In the second case, binary weights are set to 1 or 0 depending if the pairs have distance lower than (maxdist). This weighting scheme is less inefficient for large data. The same arguments of neighb applies for maxtime that sets the order (1, 2, 3, ..) of temporal neighboords in spatial-temporal field.

For estimation of the variance-covariance matrix of the weighted composite likelihood estimates the option sensitivity=TRUE must be specified. Then the GeoFit object must be updated using the function GeoVarestbootstrap. This allows to estimate the Godambe Information matrix (see Bevilacqua et. al. (2012) , Bevilacqua and Gaetan (2013)). Then standard error estimation, confidence intervals, pvalues and composite likelihood information critera can be obtained.

Returns

Returns an object of class GeoFit. An object of class GeoFit is a list containing at most the following components: - bivariate: Logical:TRUE if the Gaussian random fields is bivariate, otherwise FALSE;

• clic: The composite information criterion, if the full likelihood is considered then it coincides with the Akaike information criterion;

• coordx: A $d$-dimensional vector of spatial coordinates;

• coordy: A $d$-dimensional vector of spatial coordinates;

• coordt: A $t$-dimensional vector of temporal coordinates;

• coordx_dyn: A list of dynamical (in time) spatial coordinates;

• conf.int: Confidence intervals for standard maximum likelihood estimation;

• convergence: A string that denotes if convergence is reached;

• copula: The type of copula;

• corrmodel: The correlation model;

• data: The vector or matrix or array of data;

• distance: The type of spatial distance;

• fixed: A list of the fixed parameters;

• iterations: The number of iteration used by the numerical routine;

• likelihood: The configuration of the composite likelihood;

• logCompLik: The value of the log composite-likelihood at the maximum;

• maxdist: The maximum spatial distance used in the weigthed composite likelihood.
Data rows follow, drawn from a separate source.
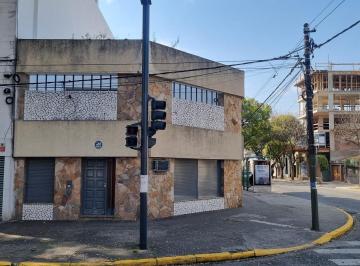 Casa · 211m² · 10 Ambientes · 1 Cochera · Venta/ Permuta Casa Esquina 3 Dorm. Cochera Patio Pichincha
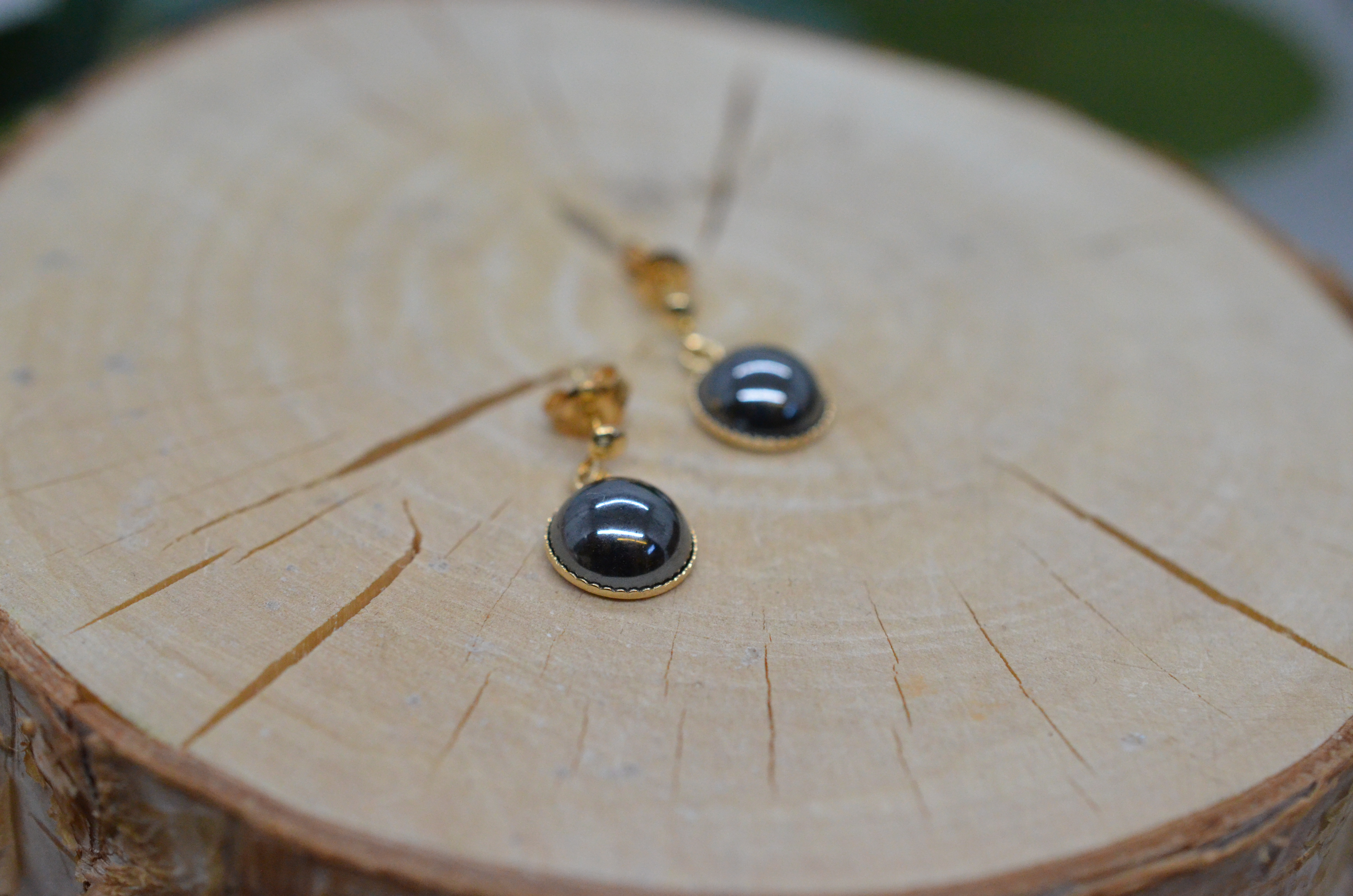 Vintage 18k earrings with hematite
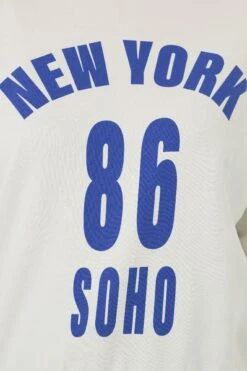 YOURS Curve Sweat-shirt Blanc à Slogan « New York » 10 YOURS Curve Sweat-shirt Blanc à Slogan « New York » -Evans Boutique 2873560c 101c 42 126798 D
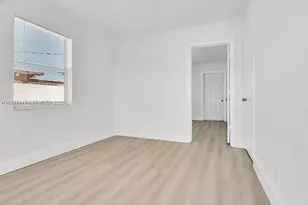 26540 SW 1 38 Th Ct, Homestead, FL 33032 - Photo 2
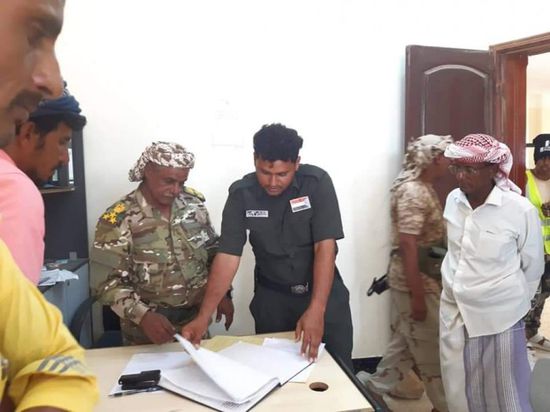 أفراد شرطة قلنسية يواصلون صرف رواتبهم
If no spatial distance is specified then it is NULL;

• maxtime: The order of temporal neighborhood in the composite likelihood computation.

• message: Extra message passed from the numerical routines;

• model: The density associated to the likelihood objects;

• missp: True if a misspecified Gaussian model is ued in the composite likelihhod;

• n: The number of trials in a binominal random fields;the number of successes in a negative Binomial random fieldss;

• neighb: The order of spatial neighborhood in the composite likelihood computation.

• ns: The number of (different) location sites in the bivariate case;

• nozero: In the case of tapered likelihood the percentage of non zero values in the covariance matrix. Otherwise is NULL.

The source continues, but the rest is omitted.